Trottole. Giriamo da un ufficio all’altro, da un’agenzia ad uno sportello, da una scala a quell’altra e dal piano di sù a quello di giù. Alla ricerca di una risposta, prima di una scadenza, per un’esenzione, per un bonus, per un ticket. Spippoliamo tutto il tempo sul cellulare sempre connessi per non perdere l’occasione giusta, quella di un’esperienza di lavoro un pò più gratificante, o magari solo di un contatto, di un aggancio e di una dritta che ci guidi verso un affare. Pensiamo di stare andando a caccia di soldi, di lavoro, di compere. Ma in realtà siamo noi le prede di cacciatori che non hanno bisogno di venirci a cercare direttamente, ma che ci mandano i loro aguzzini: lettere, raccomandate, telefonate, messaggi, mail, fino al toc toc dell’ufficiale giudiziario. “Non hai ancora pagato?”. Non sappiamo nemmeno come si chiamano, non li abbiamo mai visti, non li conosciamo. Eppure ci perseguitano. E la nostra fuga la scambiamo per vita, per scelta. Pensiamo di stare per svoltarla, ed invece è solo un altro maledetto corridoio di un labirinto che percorriamo scappando, senza mai sapere dove ci porta. Ma dietro ad ogni angolo scommettiamo ci sia finalmente la destinazione giusta, quella dove fermarsi e ottenere la tanto attesa soluzione.
Siamo soli in questa rincorsa continua di quello che ci fa sopravvivere, male. Ma abbiamo tutti gli stessi due grandi problemi.
Uno: il costo della vita è spropositato rispetto a quello che possiamo pagare. È troppo alto rispetto a quello che guadagniamo. Ci dicono quindi di rinunciare a comprare quelle merci se non siamo in grado di pagarle. E di accontentarci di quelle peggiori o di fare senza. Ma questo non ci va bene. Perchè a noi ci serve una casa con una stanza in più per dare una camera ai nostri figli. Ci serve la macchina perchè ci devo andare a lavoro. Ci serve la luce, l’acqua, il gas perchè dobbiamo scaldarci, lavarci, cucinare. Ci serve la spesa, perchè vogliamo mangiare e comprare i pannolini. Ci servono i servizi perchè non possiamo lasciare soli i nostri vecchi o i nostri bambini.
Due: i nostri stipendi, le nostre buste paga, il nostro reddito è insufficiente per pagare tutto quello che è necessario a vivere decentemente. Lavorare duro, lavorare sempre. Dare la propria disponibilità in ogni occasione. Camuffare i propri sentimenti e i propri interessi, dietro maschere di opportunismo. Evitare di perdere tempo, dormire poco, riposarsi nulla. Obbedire ed essere fedeli a regole di cui non capiamo fino in fondo il senso. Fare di testa propria, farcela da soli. Eppure tutto ciò non basta: rimaniamo schiavi di un vortice che ci trascina sopra e sotto il livello dell’umore, al ritmo dei soldi che incassiamo e che subito spendiamo. Spremuti e buttati via come un esta-thè da avidi consumatori assetati del nostro tempo e della nostra gratitudine. Tutto questo, a quale prezzo? Nemmeno quello che ci basta per rialzarsi la mattina con le stesse illusioni del giorno prima. Dicono siamo senza futuro, ma è una bugia. E’ troppo scontato quale sarà il nostro faticoso avvenire nella catena della riproduzione quotidiana. Sfiniti, usurati, annoiati e senza alcuna base su cui poggiare con sicurezza la propria vita. Alla mercé di chiunque ci offra una qualche speranza. E’ il presente che ci stanno levando. La soddisfazione di costruirci qualcosa di nostro.

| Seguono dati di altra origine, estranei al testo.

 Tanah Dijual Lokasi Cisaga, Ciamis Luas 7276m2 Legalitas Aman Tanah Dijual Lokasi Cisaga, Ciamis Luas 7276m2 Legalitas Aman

A morsi. Al principio di questa nostra grande fatica e grande frustrazione del vivere c’è il rendere scarso quello che in realtà è abbondante. Per trattenerlo nelle solite mani. Per investirlo solo dove rende. Perciò i supermercati distruggono merci in abbondanza, le case sono a migliaia vuote, i servizi gratuiti vengono ridotti, i centri per l’impieghi scoppiano di disoccupati. Non perchè non ci siano soldi, alloggi o lavoro. Ma perchè devono impedire che ci sia una distribuzione dei guadagni, degli utili, delle risorse. Devono guadagnare sempre i soliti stronzi. I soliti privilegiati. I soliti che già hanno industrie, società, grandi imprese. Quelli che noi non vediamo mai dal vivo. E per fare questo ci privano di informazioni importanti, di conoscenze preziose. Per impedirci di accedere a quello che abbiamo bisogno. Perchè se in tanti sapessimo come e dove trovarle, LORO ne avrebbero di meno. Dovrebbero rinunciare ad una vacanza in più. Oppure dovrebbero semplicemente pensare di più a noi. Ma non c’è umanità né compassione per chi vive come una macchina da soldi. Per LORO noi siamo solo numeri, gli interessiamo solo come caselle da sbarrare per raggiungere i loro obiettivi.

E’ questa politica a favore solo dei ricchi che contestiamo. Quando uno è ridotto alla fame è costretto ad affrontare le cose a morsi. Se ci trattano male quando chiediamo “perchè?”, se non ci avvertono quando c’è una cosa che ci interessa, se non ci rispettano né ci considerano quando solleviamo un problema, tutto questo è il modo in cui funzionano le loro cose. Ci vogliono far passare come gente inaffidabile, che non sa rispettare le regole. Ma il problema non siamo noi, sono le regole che non sono giuste e che vanno cambiate. Vogliamo pagare in base a quello che si guadagna. E per fare questo tocca a noi smettere di comportarci come vogliono. Tocca a noi proteggere ciò che c’è di più caro, conquistando le risorse di cui abbiamo bisogno. CHIEDIAMOLE INSIEME.

Chiediamo insieme le case alle agenzie e ai padroni che non ce le vogliono affittare perchè abbiamo figli, perchè siamo giovani, perchè siamo stranieri, perchè siamo ragazze madri, perchè abbiamo “problemi”.
Chiediamo insieme delle case popolari a norma, invece di stare stretti, scomodi, ammalati in delle case ammuffite.
Chiediamo insieme una spesa dignitosa a dei prezzi più bassi, invece che gli scarti avanzati dei supermercati.
Chiediamo insieme le esenzioni per quei servizi che non possiamo più pagare, come le assistenze domiciliari, i centri educativi, i centri per anziani, invece che impazzire correndo dietro a un’emergenza all’altra.
Chiediamo insieme i contributi, gli assegni sociali, i sussidi per pagare le assicurazioni scadute, i corsi per la patente, le spese per sistemarsi i denti.
Chiediamo insieme come funziona il reddito di cittadinanza, senza subire i mille ostacoli per ottenerlo.